I’m making money, so why is my Bitcoin balance down?
The interplay between Bitcoin (BTC) and altcoins adds a complicated wrinkle. Alts are rarely safe to trade and finding opportunities requires tremendous patience and experience — both things that newer traders inherently lack. New traders often mistakenly gauge the success of their trades in the USD value of the coin, not realizing that leaving their capital parked in Bitcoin would have been a far more profitable (and far easier!) strategy. Trading legacy markets with fiat is straightforward — you either make or lose dollars.
How do I set up a stop loss and take profit order?

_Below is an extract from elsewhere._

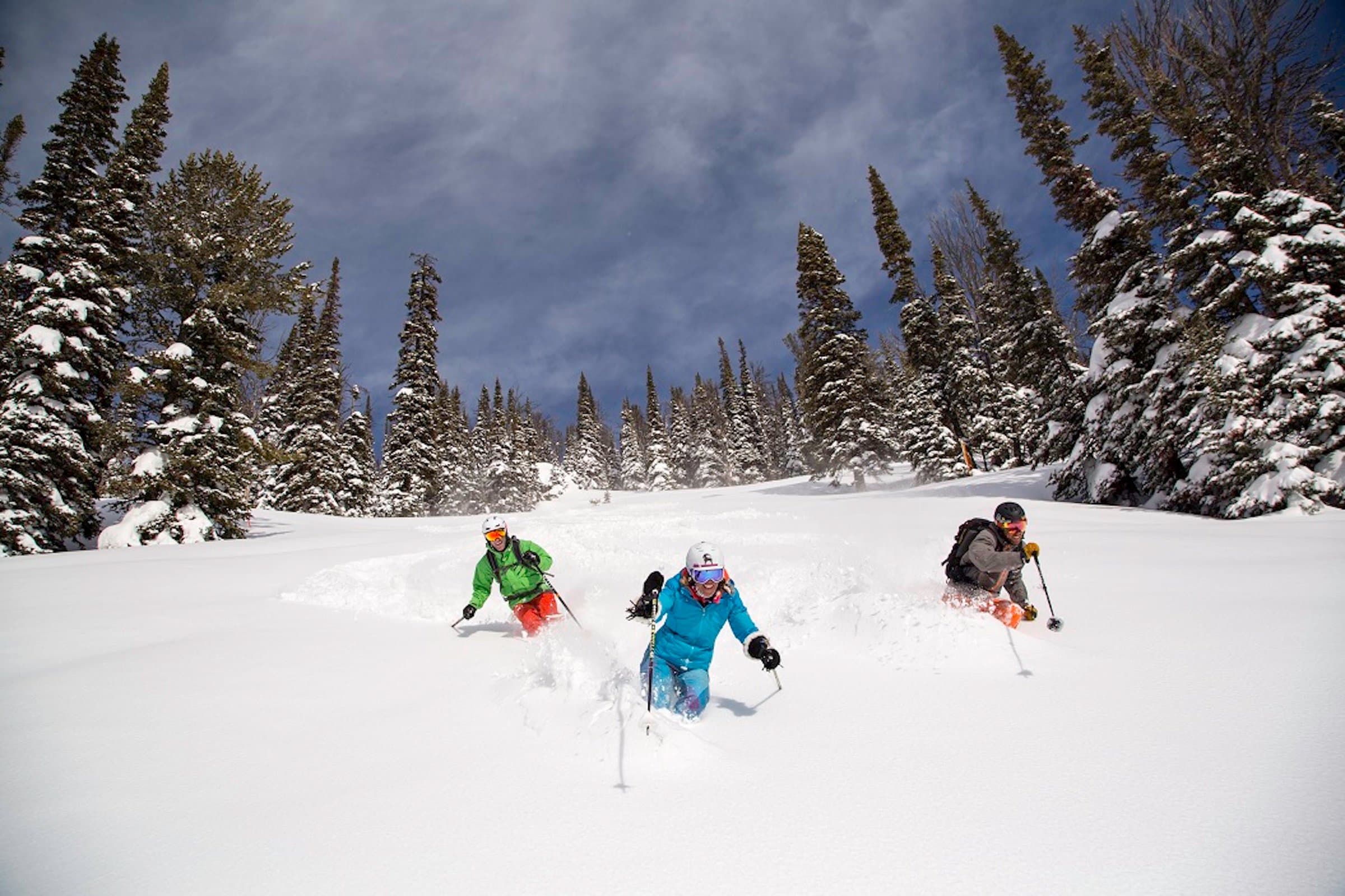 A trio heading down in the mountain during a Powder Skiing experience at Jackson Hole Mountain Resort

Legacy traders have the benefit of placing both stops losses and take profit orders, as well as trailing stops. Trades require less babysitting and management. In crypto, exchanges lack the full breadth of orders necessary to properly manage risk, especially in a market that never closes.
Experienced crypto traders can share countless stories about missing a huge pump while they were sleeping because they had their downside protected with a stop loss and were unable to set sell orders at their targets. Traders should never have to choose between taking profit and properly managing their risk.
I can turn $10 into $1,000 with leverage!
Leveraged trading is far too common among beginners. Leverage is a tool that should only be used by the most experienced traders, those who have proven to be profitable for years.
The barriers to entry are non-existent in crypto, on exchanges that are built to transfer the wealth of inexperienced retail traders into the pockets of the exchanges themselves. Beginners will likely lose everything they risk trading with leverage because the downside is massively compounded.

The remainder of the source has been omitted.